Task to complete:
Take the entries below and reproduce exactly the portion that begins at the line containing "Einfamilienhaus mit Walmdach" and ends at the line containing "Man helping another", keeping both ends, dropping pictures, and adding nothing else.

Information supplied:
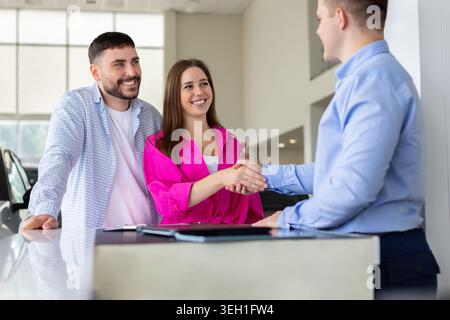 Smiling young couple shaking hands with car salesman at dealership desk Stock Photo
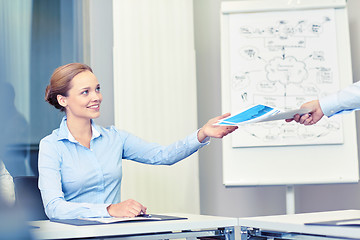 Image showing businesswoman taking papers from someone in office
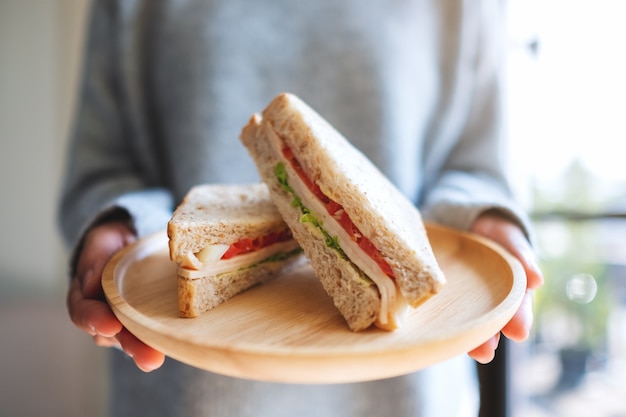 Photo a woman holding two pieces of whole wheat sandwich in wooden plate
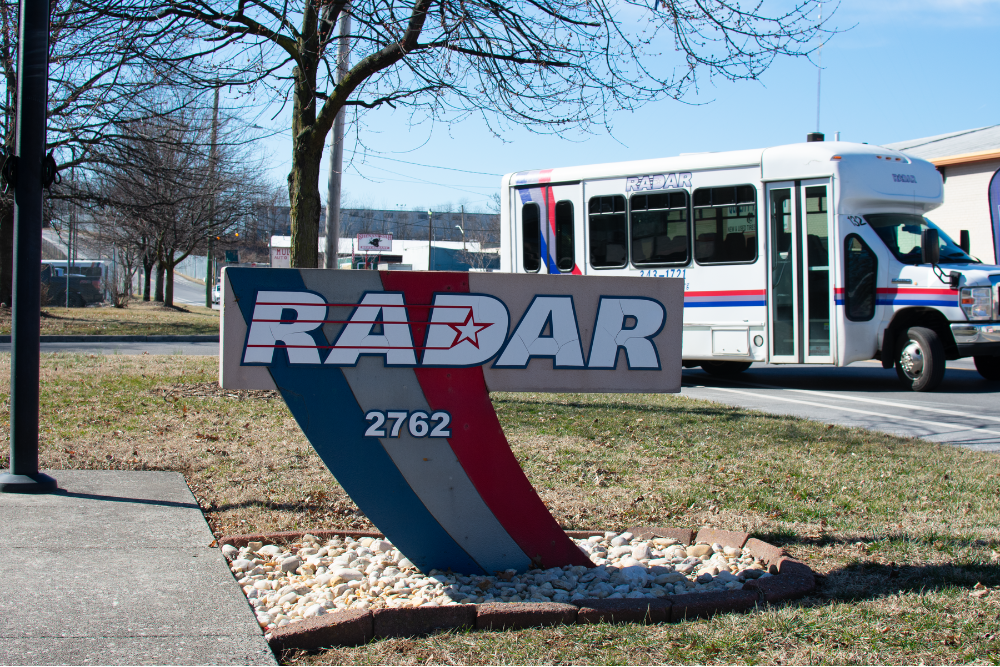 RADAR bus passing the front sign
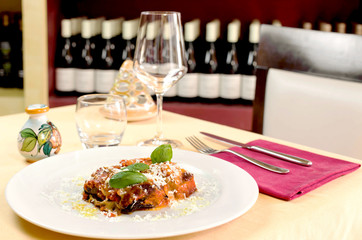 eggplant parmigiana at the table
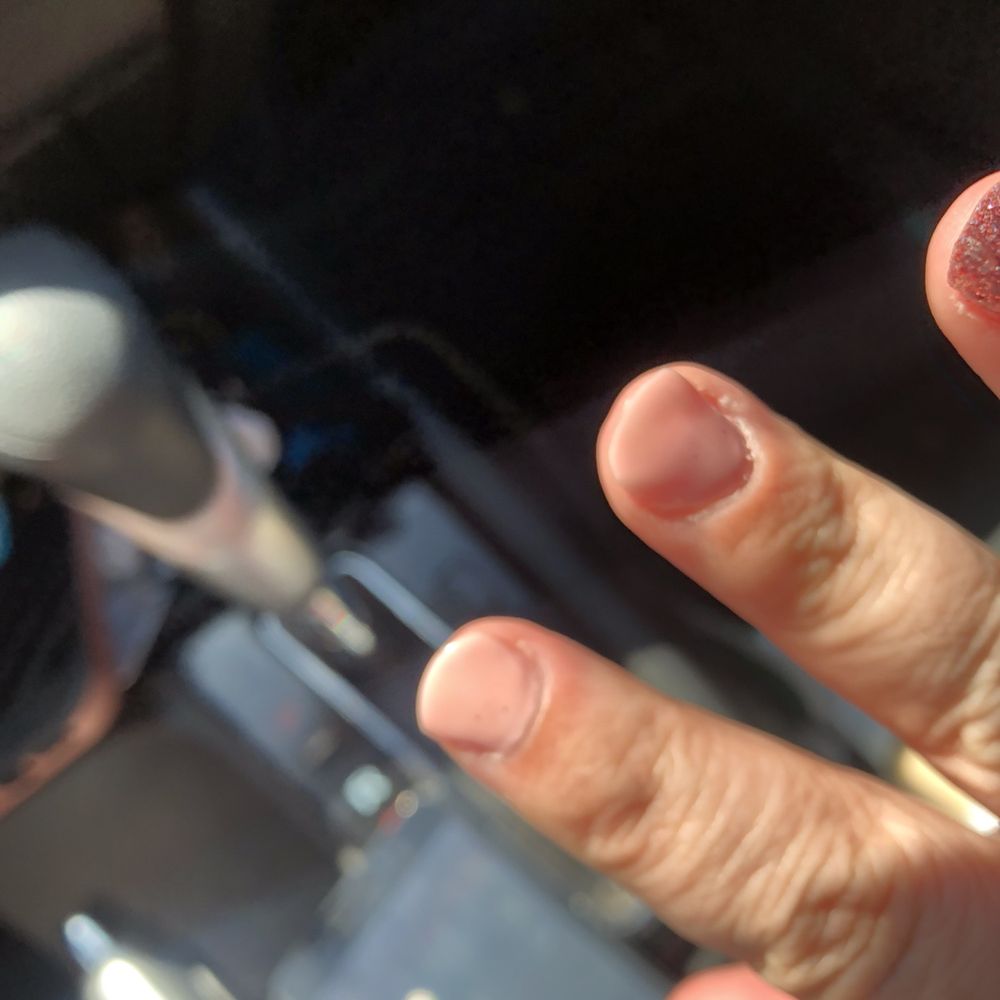 Salon 95 - Nail polish on cuticles which made the polish lift a few days later. - Hair Salons Near Me - Fernley, Nevada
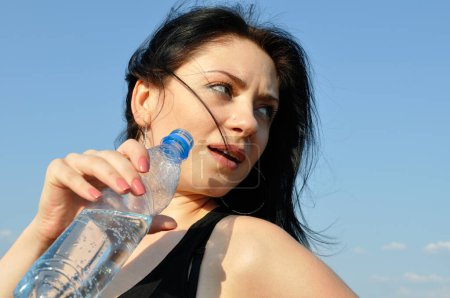 Photo for Young attractive woman drinks cold water in hot day on blue sky background - Royalty Free Image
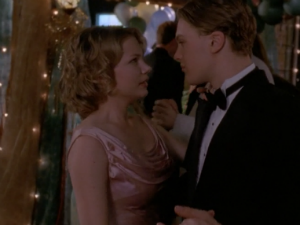 Jen and Henry dance at the prom. She looks beautiful in a pale pink old-fashioned gown with Hollywood curls, and he's wearing a suit. 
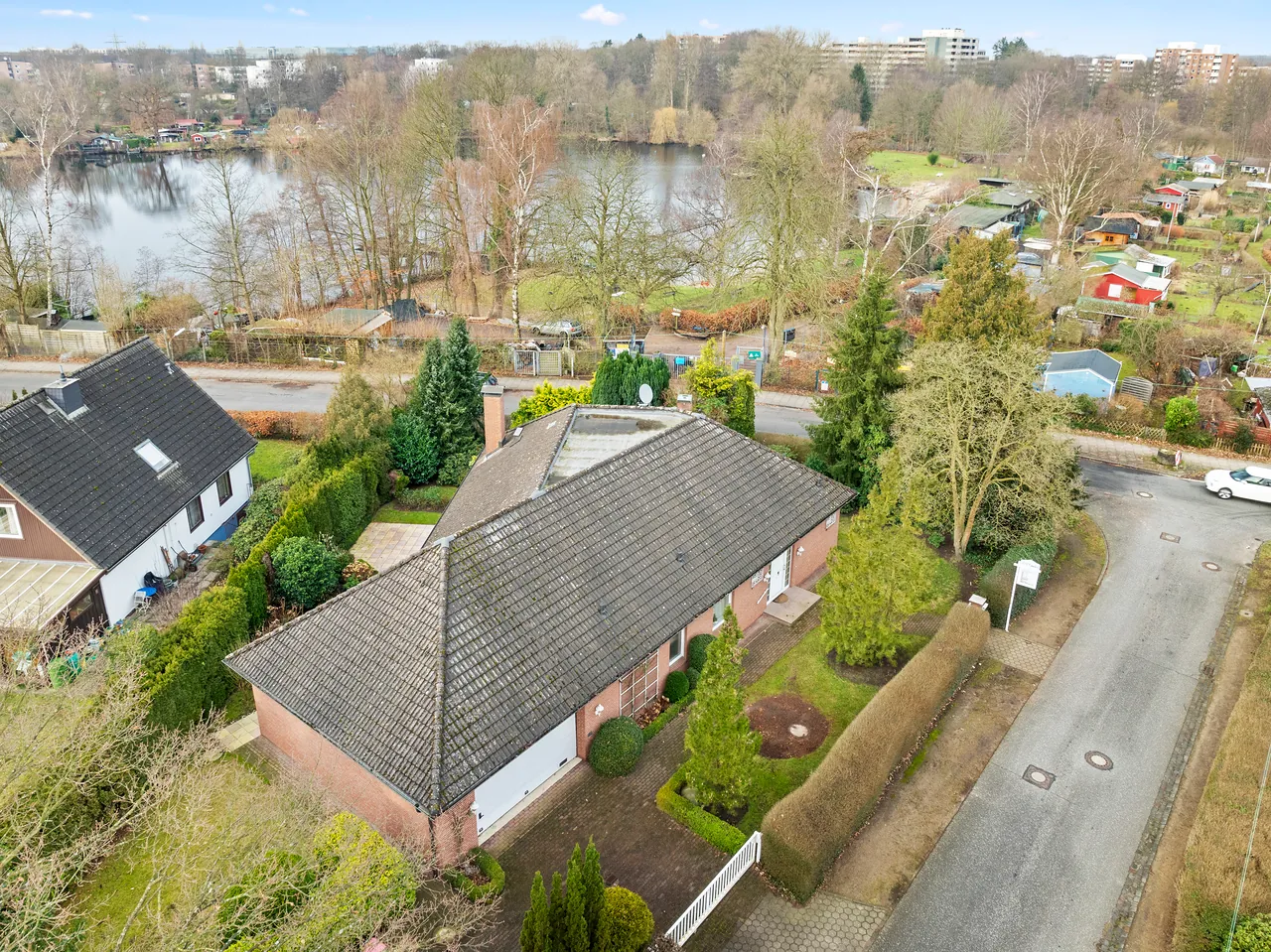 Einfamilienhaus mit Walmdach und Garten, dahinter ein See und Kleingärten – Luftaufnahme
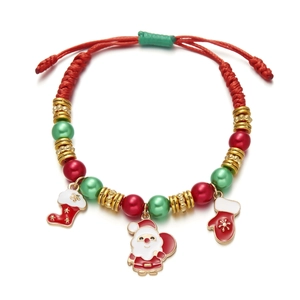 Christmas themed woven bracelet with Santa Claus and stocking charms on red rope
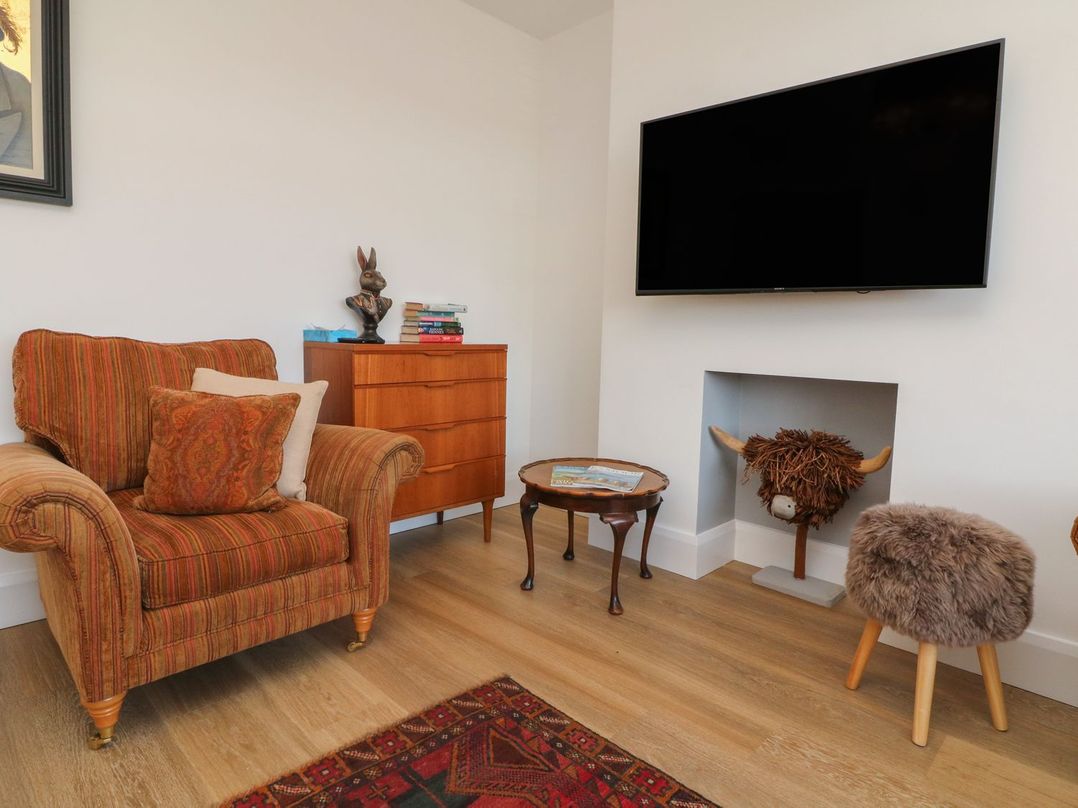 A living room with an armchair and a television at Wendy's Cottage in Minehead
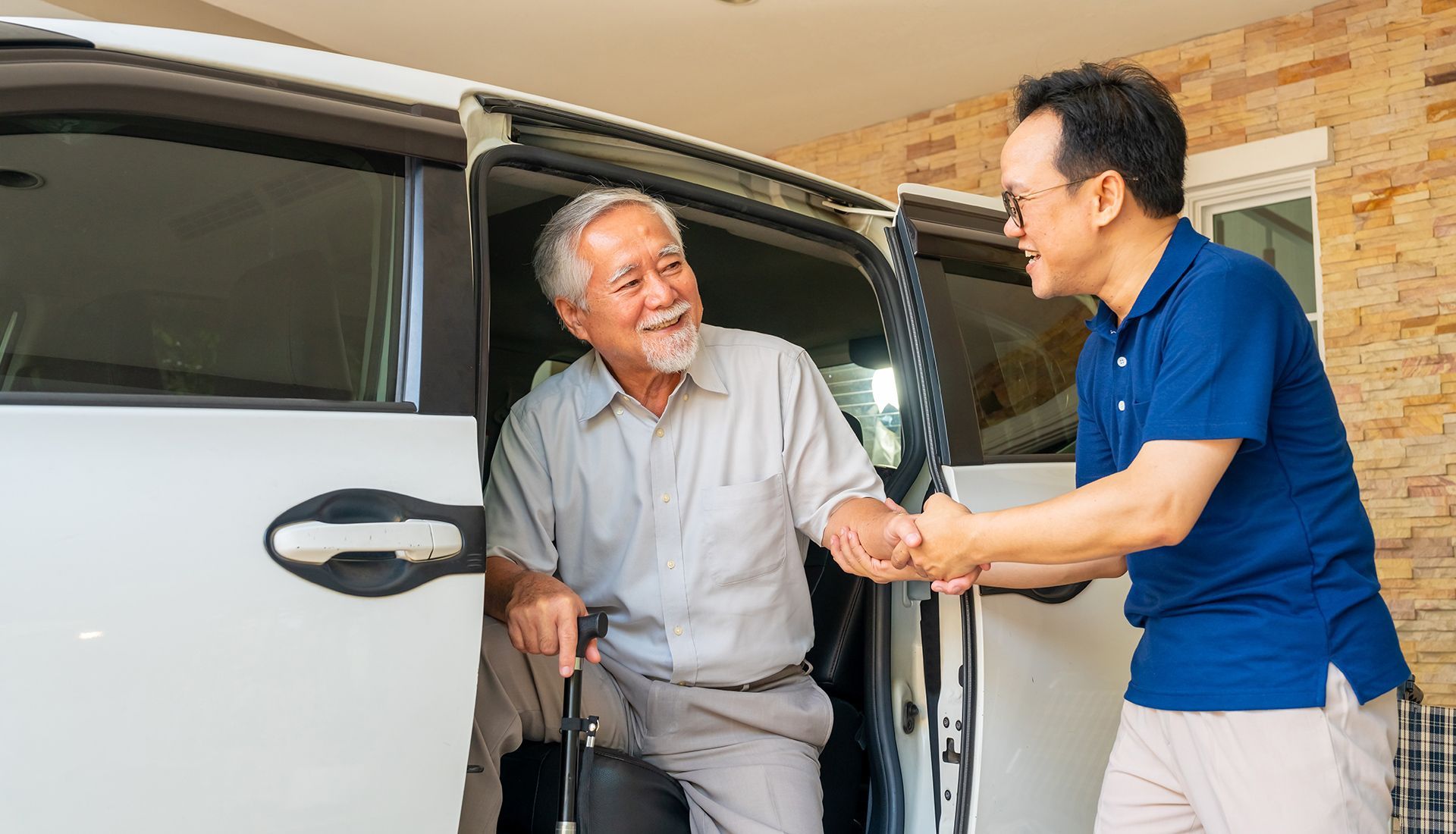 Man helping another man exit a white car. The older man uses a cane, both smile. Exterior setting.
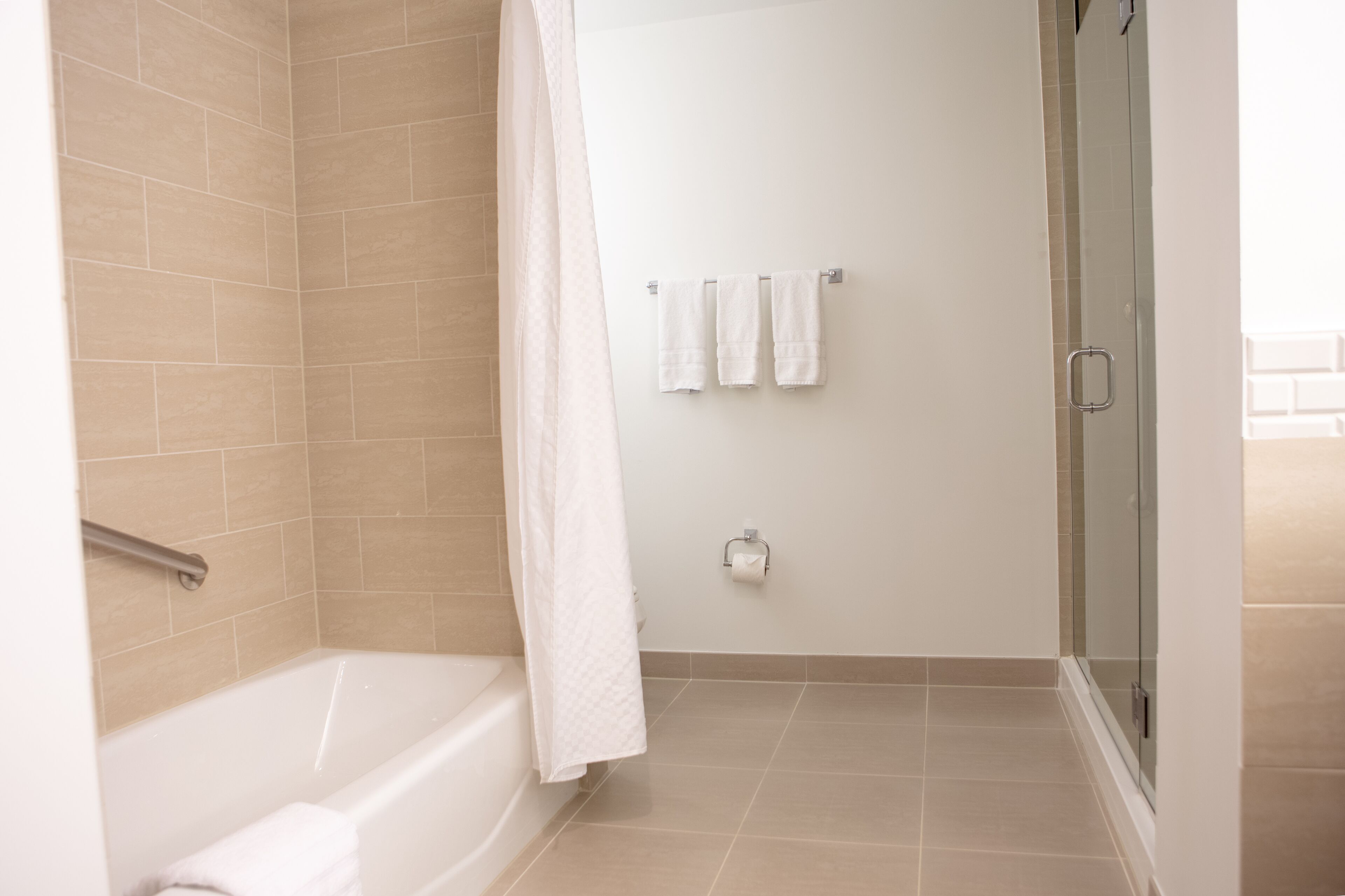 A modern bathroom with a bathtub, shower, and glass-enclosed shower stall.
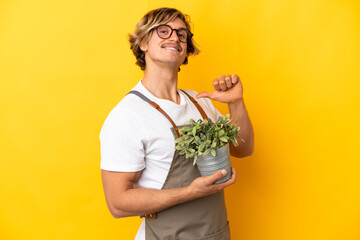 Gardener blonde man holding a plant isolated on yellow background proud and self-satisfied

Answer to the exercise:
 Einfamilienhaus mit Walmdach und Garten, dahinter ein See und Kleingärten – Luftaufnahme
 Christmas themed woven bracelet with Santa Claus and stocking charms on red rope
 A living room with an armchair and a television at Wendy's Cottage in Minehead
 Man helping another man exit a white car. The older man uses a cane, both smile. Exterior setting.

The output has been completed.